Quick start
[!IMPORTANT]
The project is not stable yet. Releases and major changes are introduced often.
This is a quick start tutorial for getting a simplecontainer up and running.
Introduction
The simplecontainer manager is designed to ease life for the developers and DevOps engineers running containers on Docker.
Introducing objects which can be defined as YAML definition and sent to the simplecontainer manager to produce Docker container via reconciliation:
- Containers
- Container
- Configuration
- Resource
- Gitops
- CertKey
- HttpAuth
These objects let you deploy container on local/remote Docker daemon. The simplecontainer introduces next features:
- Cluster of Docker daemons or single Docker daemons
- Overlay networking for containers using flannel
- Integrated DNS server isolated from Docker daemon
- GitOps: deploy objects from the Git repositories using GitOps approach
- Replication of containers in cluster of Docker daemons
- Reconciliation and tracking the lifecycle of the Docker containers
- Reliable dependency ordering using readiness probes
- Recreate containers from the KV store in case of failure
- Templating of the container objects to leverage secrets and configuration
- Secrets, Configuration and Resources objects for external configuration
- CLI to interact with the simplecontainer
- Fast learning curve - simplicity and deterministic behavior
Installation
(Bash) smrmgr
The smrmgr is bash script for management of the simplecontainer. It is used for:
- Downloading and installing client
- Starting the node in single or cluster mode
- Starting the node and joining to the existing cluster
- Various options and configuration simplified
curl -sL https://raw.githubusercontent.com/simplecontainer/smr/refs/heads/main/scripts/production/smrmgr.sh -o smrmgr
chmod +x smrmgr
sudo mv smrmgr /usr/local/bin
sudo smrmgr install
(CLI) smr
The smr is client used to communicate to the local/external simplecontainer agents running on nodes.

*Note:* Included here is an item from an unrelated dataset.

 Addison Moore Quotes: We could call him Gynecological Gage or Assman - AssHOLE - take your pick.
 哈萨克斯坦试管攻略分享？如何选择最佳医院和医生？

The smrmgr automatically downloads the client and places it under /usr/local/bin/smr
.
To manually install, start and manage simplecontainer nodes download the client from the releases:
https://github.com/simplecontainer/client/releases
Explore /scripts/production/smrmgr.sh
to see how you can utilize smr client for the configuring and starting simplecontainer nodes.
Running simplecontainer in cluster mode
Simplecontainer can run in single and cluster mode. Cluster mode allows users to deploy Docker daemons on different hosts and connect them via simplecontainer. An overlay network is created using flannel to enable inter-host communication.

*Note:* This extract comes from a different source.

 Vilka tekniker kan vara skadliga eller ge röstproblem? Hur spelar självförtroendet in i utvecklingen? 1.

Simplecontainer uses RAFT protocol to enable distributed state using the Badger key-value store.
Etcd embedded is also started in single mode and exposed to localhost only without credentials. This is because Flannel uses only Etcd as the state store for the network configuration.
Control-plane and RAFT communication is secured using mTLS so data is encrypted even over non-secure underlying networks.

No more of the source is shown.